Shutter speed and white balance

A fast shutter speed is the baseline for camera settings in a zoomed range. If your camera has it, use the shutter priority mode.

My preference for shutter speed is at 1/800th of a second to freeze most actions. If the subject is in the shade with expected small movements (eg. feeding/preening), a slower shutter speed such as 1/200th second can be used. This allows the aperture to open up further for more light. If blur occurs, increase the shutter speed.

Another way to maintain a high shutter speed in non-ideal light conditions is to increase the ISO. It is, however, preferable to use the lowest ISO setting available to minimize noise generation. I find that auto white balance doesn't always give good color reproduction, so I change the white balance setting to sunny in full sun conditions or cloudy on cloudy or overcast days.

Metering

Many digital cameras have more than one metering mode. The three most common are spot, center-weighted and matrix metering. If your camera has a spot meter, use it for photographing birds.
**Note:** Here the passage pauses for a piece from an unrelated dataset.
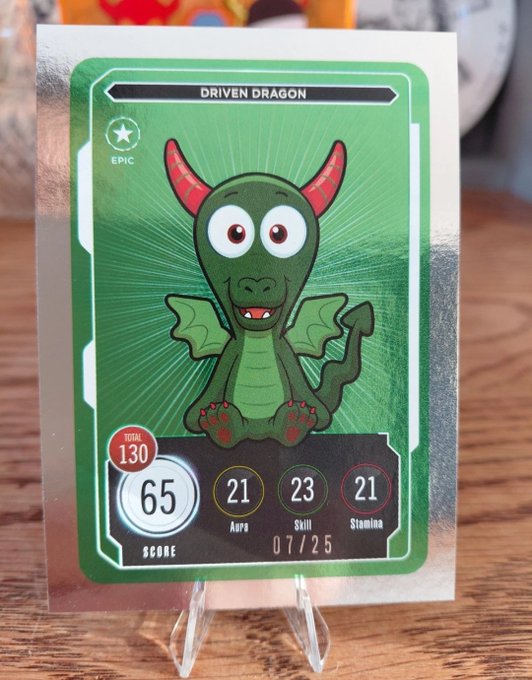 A trading card titled 'DRIVEN DRAGON' marked as EPIC, featuring a green cartoon dragon with red horns, showing a total score of 130, with breakdown stats of 65 Score, 21 Aura, 23 Skill, 21 Stamina, dated 07/25.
Spot metering offers a more precise metering configuration than other types of metering modes as it concentrates on a limited area on the subject.
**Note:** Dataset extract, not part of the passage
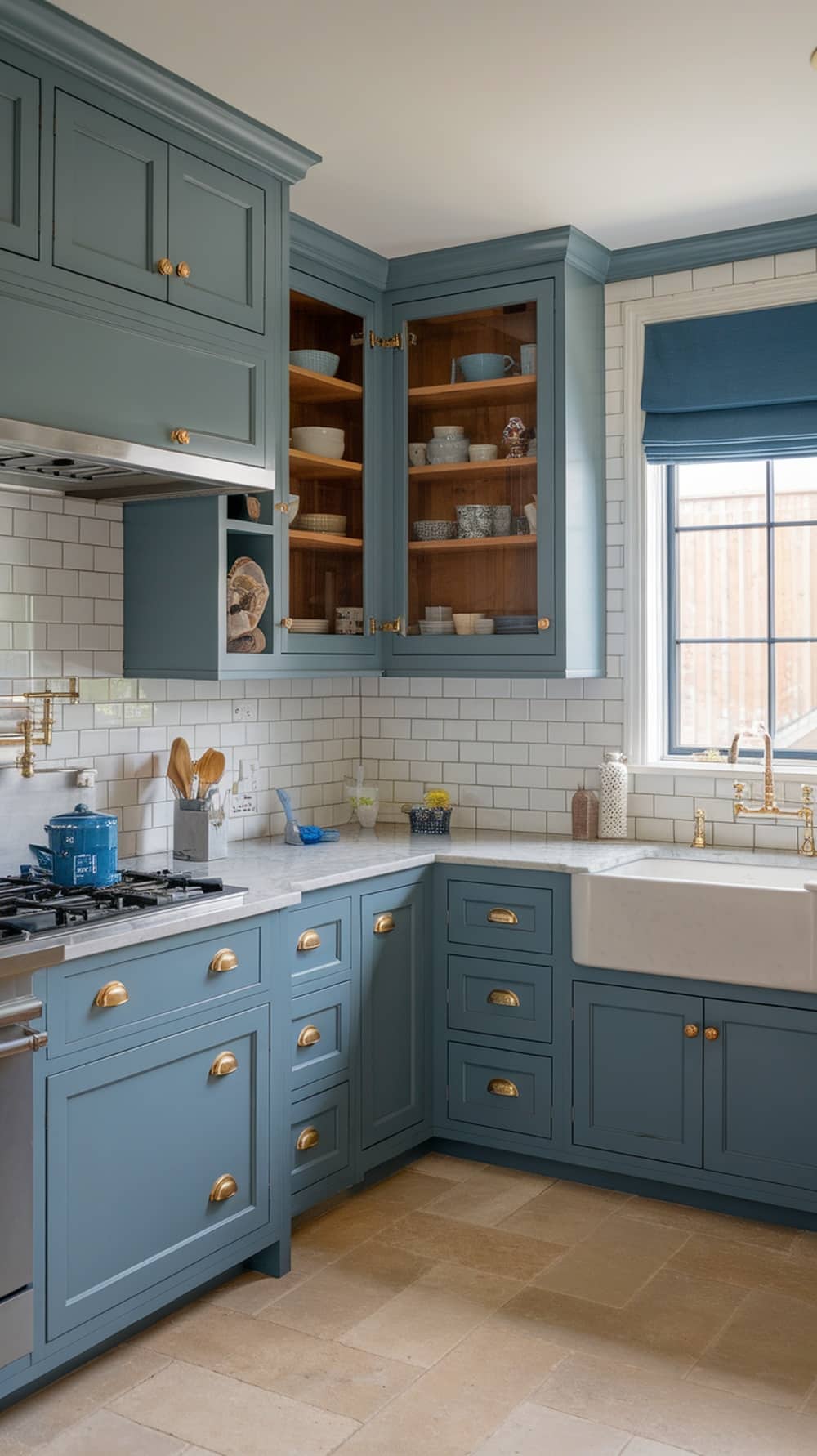 A modern kitchen featuring dusty blue matte finish cabinets with gold hardware and wooden shelves.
Importance of spot metering

When half pressing and holding the shutter button in Aperture Priority (Av), Shutter (Tv) Priority, Macro or Program (P) exposure modes, one can preview exposure changes on an electronic viewfinder or the LCD screen as you run the spot meter across the subject. If the spot meter is concentrated on darker tones, they will be properly exposed but originally brighter tones may become over exposed (too bright). If the spot meter is on the brighter tones, those areas will be properly exposed but originally dark tones may become under exposed (too dark). Spot metering on intermediate tones can give an good balance between the highlights and shadows. Spot metering is critical when one really wants to control the effect of light or other creative pursuit.

Other metering modes

If spot metering is not available on your digital camera, use center-weighted. It may give a better result than a pattern or matrix (evaluative) metering mode. Remember that your subject is often at the center of attraction and thus most of the time, the background is secondary. So you want to make sure you meter on the subject. Matrix metering, which meters an entire scene, may result in brighter or evenly lit images but the overall effect is often flat looking.

Focusing

The last major setting is the focus mode. The ideal setup is to use spot focusing if your digital camera has it. It allows faster and more precise focusing on a small area than a large area or multi-area focusing mode. If you don't have spot focusing, use center area focusing. A matrix focus mode that has between three to nine area focus points is okay if the foreground, subject and background are in a similar plane of focus. If not, the foreground could get all the focusing needs. Check the camera indicator when focus lock is achieved.

Where to focus

Most bird photographers tell us that the primary focusing area should be the eyes of the subject. I have confirmed this and use the eyes as my primary area to focus. One mentor I worked with would say "get the eyes in focus and the rest will follow."

Viewing bird images usually directs us first to the eyes. If the eyes are not in focus, it affects the impact of the whole image. If focusing on the eyes is not possible, alternatives are to focus on the head or feet since they are mostly in the same plane of focus as the eyes. Once focused is locked on the head or feet, recompose the shot. The exception to using these areas to focus is when taking extreme close-up shots.

The settings and setups mentioned in this article are just the beginning stages of bird photography. Continuing to travel the birding road requires one to experiment to discover what works well for a given subject and light condition. Though digital memory is cheap for taking tons of images, the pursuit of a rewarding bird photographic experience requires the investment of one's heart and time.